Son No 2 arrived back from Preston around half eleven, and the boys headed off back down South after I'd filled them up with sausage and bacon sandwiches using the last of the bread. Great to spend some time with the boys over the last couple of days, and especially nice to see them both at the same time, something that happens very rarely now they are both grown up and living their own lives at opposite ends of the country.

Once they'd gone the house felt very empty indeed - so to take my mind off the emptiness, I loaded up the second of the two games we'd bought yesterday - this being the online version of the Lord of the Rings. This time I adopted the persona of a (male) elf from Rivendell, battling goblins alongside dwarfs somewhere in Middle Earth.

I am nothing if not versatile.

No fancy cooking today (apart from a very tasty French 'Rustic' loaf, involving three (count 'em!) different types of flour) - Mrs W and I dined on Steak Pie and Chips and Gravy (yummy!) tonight, whilst watching an episode of Dexter...yes, another programme involving serial killers, but one in which the twist is that the serial killer is actually our hero! Very good indeed.

Today's blog title obviously comes from the name of the album playing in the background as I type. It should be a Half Man Half Biscuit album title really...assuming it isn't already!

So what's a nice, professional, white middle-class boy like you doing listening to hard core rap, you might be asking? Well, it's pretty good, is why. I'm not a great fan of rap or hip-hop, but there are elements of the genre that I really like. Early Sugarhill (Rapper's Delight, Grandmaster Flash, Funky Four + One), Public Enemy and NWA just about covers it, although there is some Jay-Z, Kanye and even some Eminem lurking on iTunes somewhere. I never really got into the Tupac/Notorious B.I.G. stuff though.

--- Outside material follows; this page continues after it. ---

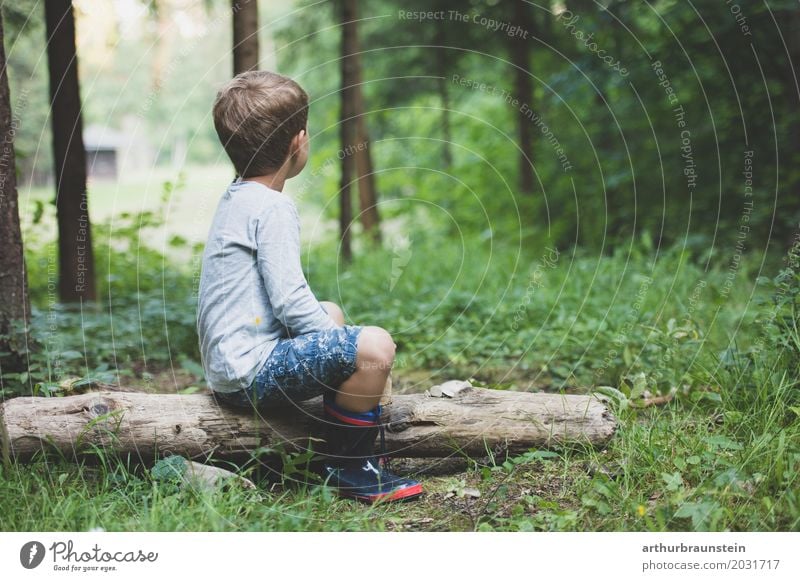 Boy in rubber boots sits on tree trunk in nature Leisure and hobbies Playing Vacation & Travel Tourism Trip Adventure Hiking Kindergarten Child School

NWA come, as you might expect, from Compton, California. The original group included Ice Cube, Dr Dre and Eazy-E, who all went on to further success rapping, acting and producing - but this, their first album, really established a new genre - Gangsta Rap - that hadn't existed previously. Hard-hitting, openly violent and misogynous in equal measure, it out-punked punk in its anti-establishment stance, and was seen as genuinely subversive at a time when inner-city rioting and racial tension was endemic in parts of America.



Watching that reminded me of the greatest series to appear on television in recent years, 'The Wire'. Filmed by HBO in Baltimore, over five series it covers a range of topics relating to life in that city, initially focusing upon the drug wars between the police and rival gangs of dealers, but later covering schooling, politics, labour disputes in the docks and the role of the media in reporting what is happening in the city. There are no 'heroes' in this drama - nor any overt judgments - and you get to see what's happening from all sides, enabling you to relate as easily to the drug barons as to the law and the politicians.

The Wire creeps up on you slowly - there are no easy resolutions, no 'cases solved' at the end of each episode, and events in series one may have no real impact until later series. Major characters are not guaranteed to survive, and the good guys don't always win. The street language can be impenetrable at times.

But over time you attune yourself to the language. You identify with characters on both sides of the moral divide. And suddenly you need your fix. You may not make it past the first two episodes - but if you do, it will have you all the way to the end.